21 June 2009

Depressive Stigmas

What happens if I don't take my medication? I turn into a zombie. Everything turns flat, it seems almost as if things lose their color, like all the colors fade. I feel like my body weighs so much that I can't even hold my shoulders up. I become lethargic - I can't get myself to do anything. I don't feel sad; I feel nothing. Empty, blank, flat. Great things can happen, but they don't make me happy. Awful things can happen, but they don't make me sad.

What happens when I take my medication? I'm myself again. The medication doesn't make me feel happy; it makes me feel. With the medication, my emotions come back; I can feel happy or sad. I enjoy it when things are going well; I get sad or angry when they go poorly.

~MarkCC @ Good Math, Bad Math



I seem to have made it through my bout with depression, amazingly without the aid of pharmaceuticals. Some would say that makes me "better" than people who need the pharmaceuticals; I would say it makes me damned lucky. I've talked to people who actually think that all you need to do if you're depressed is "snap out of it." It's obvious that such people have never, ever suffered from genuine depression. They've had the "oh, I'm a bit down today" variety.

In my case, I was able to keep functioning through sheer effort of will, but I didn't give much of a damn about anything. The place where this manifested most obviously was in getting bills paid. I would know that the bill was sitting there, that I had the money in my checking account to pay for it, that the checkbook was under the bill...and I could not motivate myself to get up and do anything about it. I managed to push through that often enough to avoid losing anything other than cable...mainly because none of the other companies were as ridiculously uptight about late payments as the cable company. One of the signs that the depression was lifting was when I would sit down almost immediately after receiving a bill and get it paid.

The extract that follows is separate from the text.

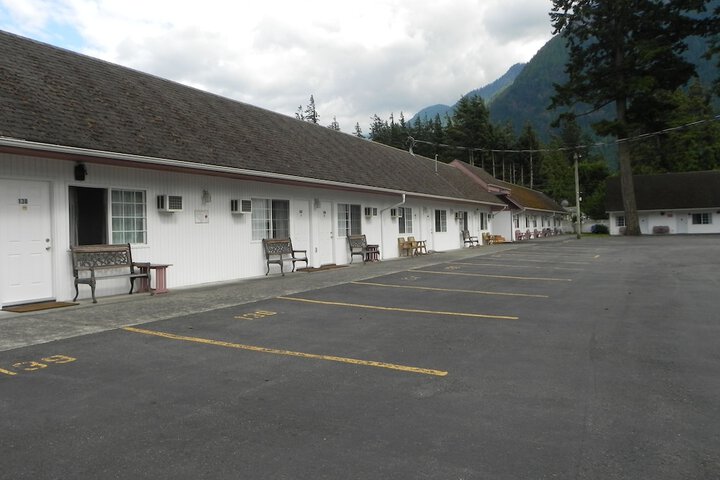 Skagit Motor Inn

Here's the thing, though. I didn't use pharmaceuticals, but I did use a meditation practice. Meditation has been shown to alter brain states. Instead of taking a drug to alter my brain chemistry, I adopted a practice that would do so. I tended to keep with practices that seemed to improve the condition, but it was largely a matter of trial and error. I can't see how that is "better" than using a pharmaceutical to achieve the same effect. Such a practice is a major time commitment, and has to be done everyday if you want to keep receiving benefits. The pharmaceuticals are a hefty monetary commitment instead, and have to be ingested everyday to receive benefits. Which have you got more of, time or money? And do you have enough patience to give a meditative practice time to work?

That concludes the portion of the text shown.